As for the second car, well, it shouldn't need an introduction. Meet the Auto World 2018 Ford F-150 Lariat FX4 Sport SuperCrew in Magnetic Metallic. Look familiar? It damn well should. This is easily one of the most common configurations of the F-150 roaming the roads nowadays. This specific one has the optional 6-spoke 20" wheels and 3.5 EcoBoost V6. I should know considering my father bought a new 2016 XLT Sport in Lithium Gray that's virtually identical to this save for the darker gloss gray in lieu of Magnetic's metallic sparkle.
Times really have changed in 25 years. Instead of single and extended cab trucks, we now find mostly crew cab ones with the occasional extended cab one and the rare single cabs existing mostly as fleet trucks. This one is a standard SuperCrew configuration with the 5.5' bed. The Lariat Sport package also includes special running boards that look a little nicer than the normal Lariat ones.
The optional 6-spoke wheels measure 20" in-person and look good, but I do wish they would've modeled the standard 18" Sport wheels instead.
The FX4 package includes underbody protection as well as more off-roading features in order to help it drive off the beaten path with ease.
If you look closely, you'll find that it has an Indiana plate that says "BOSSMAN" with a special truck designation on the plate. It's a nice feature rarely seen on Greenlight trucks.
The style of the bedliner indicates that it's the drop-in one, not the spray-in one. It even has the two small coasters molded onto the tailgate like the real one. Fun fact: they're great at holding an iced coffee if you decide to sit outside on a 50° night to enjoy the weather.
I do secretly wish it had the backup sensors and sliding rear window, but y'know, beggars can't be choosers today.
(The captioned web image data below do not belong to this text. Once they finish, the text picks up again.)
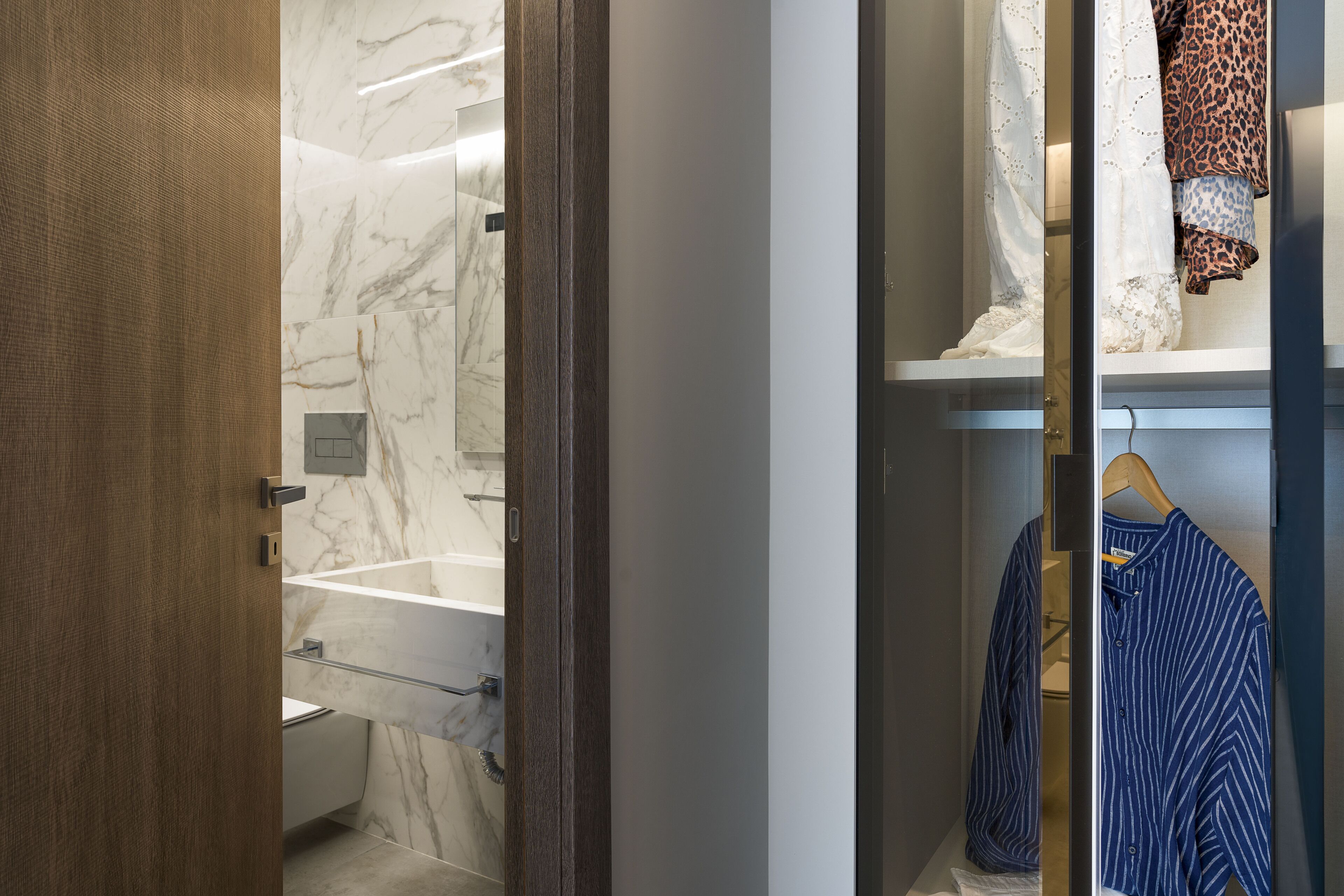 A bathroom with a marble wall, a wooden door, and a hanging robe.
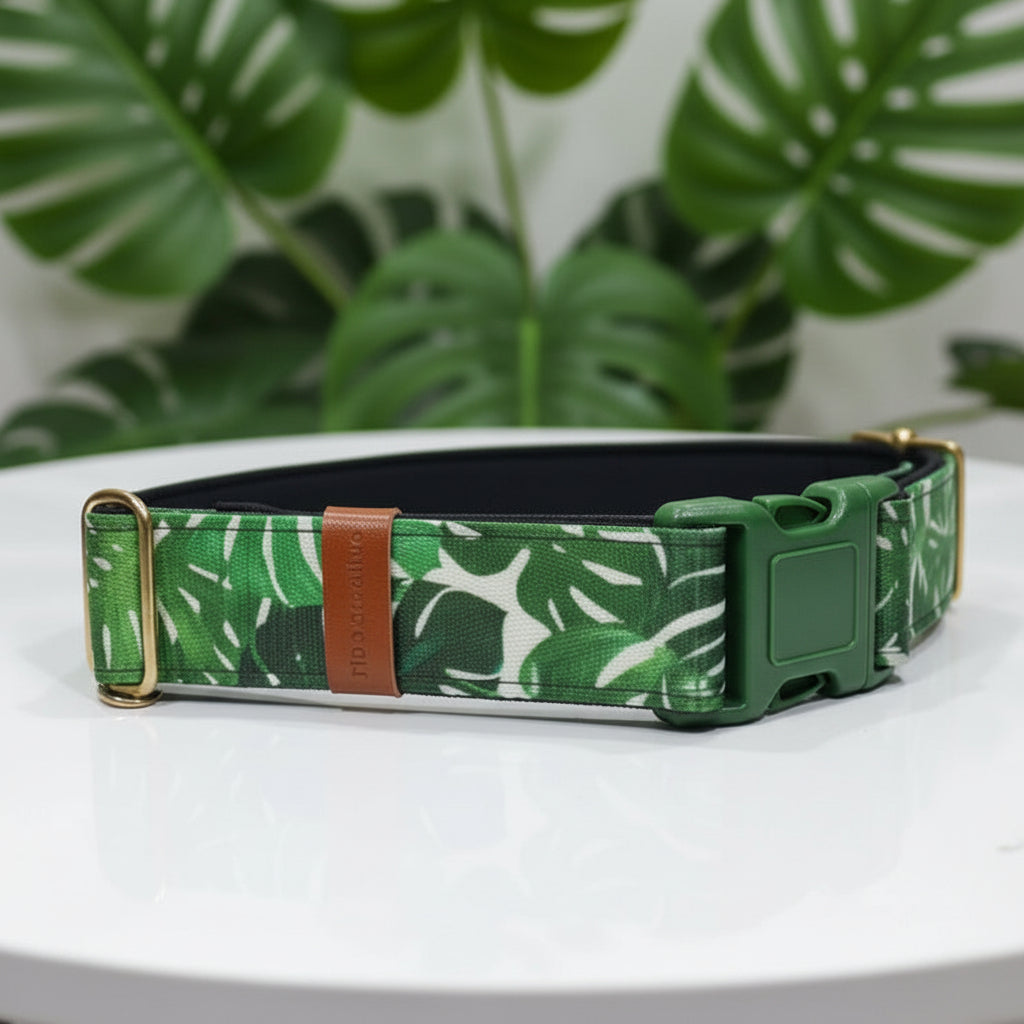 Green leaf-patterned dog collar with gold buckle on a white surface with green leaves in the background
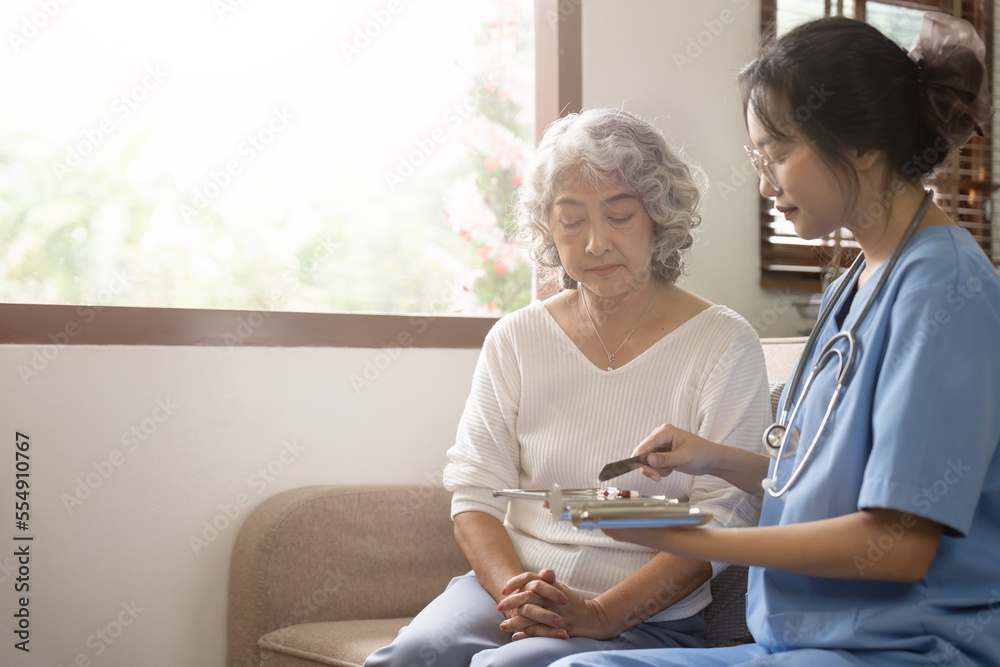 custom made wallpaper toronto digitalHealthcare worker or caregiver visiting senior woman indoors at home, explaining medicine dosage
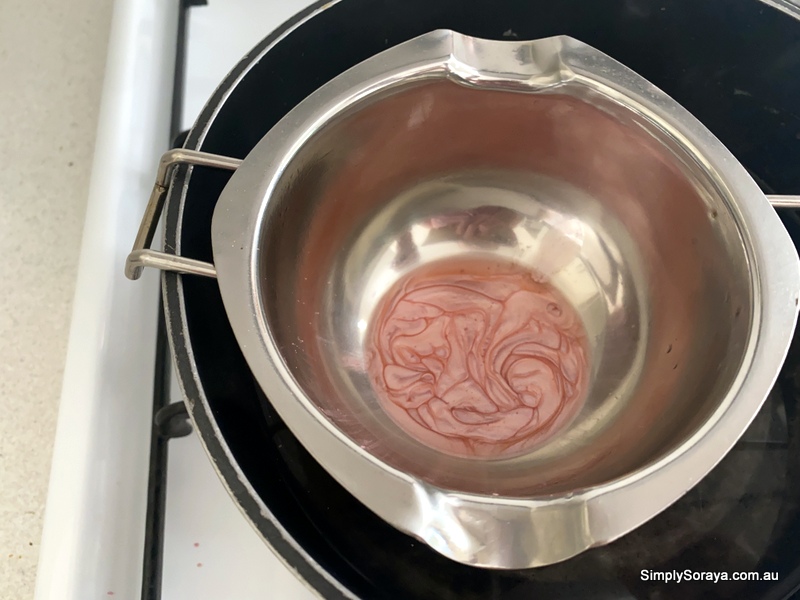Adding the mica powder to tint the lip balm
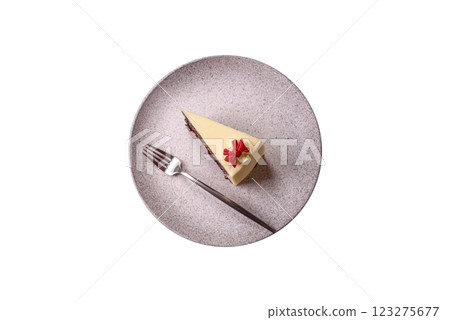 Piece of sweet layered cheesecake with cherries and poppy seeds Piece of sweet layered cheesecake with cherries and poppy seeds 123275677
You can tell it's an EcoBoost due to the lower open tri-hole air intake at the bottom, presumably for the intercooler.
In the real F-150, the 3.5 EcoBoost produces 375 hp and 470 lb-ft. of torque. It rockets this specific version to 50 in 5.3 seconds or so with the 3.73 and 4x4. That's almost 2 whole seconds quicker than the Lightning's then-impressive 7.2 to 60. That's 330i territory in something with more rear legroom than an M760i xDrive or S65 AMG. Although we probably won't see a new Lightning anytime soon, the XLT and Lariat Sport are the closest you can get in modern terms.
Aalthough we dearly miss the good old days of trucks like the Lightning, we find some comfort in trucks like the Sport FX4. It's not a direct replacement, but it sure gets pretty damn close. That and the fact that it's infinitely more practical than its Bright Red forebearer.
Overall, we find that they're both excellent examples of great model trucks. Although they may not appeal to everyone, they sure won a place in my heart. They're each my favorite of their respective maker from 2019. I can't wait to see what the future has in store for both of these castings. Go and buy them if you can. They're about $5 or so at stores like Walmart or Hobby Lobby. You won't be disappointed.